John Wu
Tuesday April 15, 2025
4pm
Marlar lounge & via zoom
Astronomy re-envisioned: investigating the physics of galaxy evolution with Machine Learning
Interpretable machine learning (ML) techniques and artificial intelligence (AI) are revolutionizing our ability to study galaxy evolution and large-scale structure. Convolutional neural networks (CNNs) can now reliably predict galaxies’ physical properties, including cold gas content and metallicity, directly from three-color optical images. These models can even reconstruct entire optical spectra from imaging alone. Highly optimized CNNs can also robustly identify nearby dwarf galaxies from wide-area surveys, significantly expanding the sample of known satellite systems at low redshifts. Meanwhile, graph neural networks (GNNs) can encode the large-scale environment from cosmological simulations, and represent its impacts on the galaxy–halo connection. These applications demonstrate how explainable ML models with strong inductive biases can enable new scientific insights in galaxy evolution and cosmology. With upcoming wide-area surveys from the Vera C. Rubin Observatory, Nancy Grace Roman Space Telescope, and Euclid, advanced ML and interpretable AI methods will play an increasingly vital role in extracting physical understanding from cosmic datasets.

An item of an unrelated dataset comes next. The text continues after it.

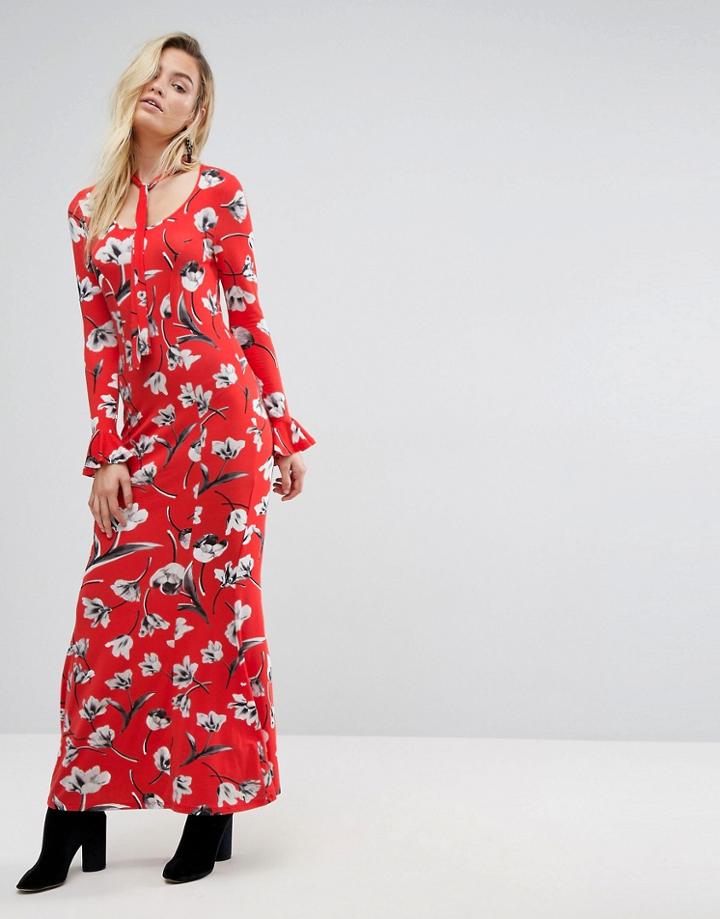 Asos Maxi Tea Dress With Neck Tie In Red Floral - Multi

John Wu is an Assistant Astronomer at STScI and an Associate Research Scientist at JHU. Dr. Wu’s research focuses on studying galaxies with multi-wavelength observations and machine learning methods. He has developed and employed machine learning algorithms that process astronomical imaging data at the pixel scale in order to understand how galaxy appearances are governed by their growth and evolution. Dr. Wu has shown that convolutional neural networks (CNNs) can reliably predict the optical spectra of low-redshift galaxies purely from Pan-STARRS image cutouts. Recently, he and his collaborators have used CNNs to identify >100,000 low-redshift galaxy candidates, and >20,000 probable satellites around known massive host galaxies. He is also using a similar method to determine DESI spectroscopic fiber targets in order to survey a complete population of z < 0.03 galaxies (LOWZ survey).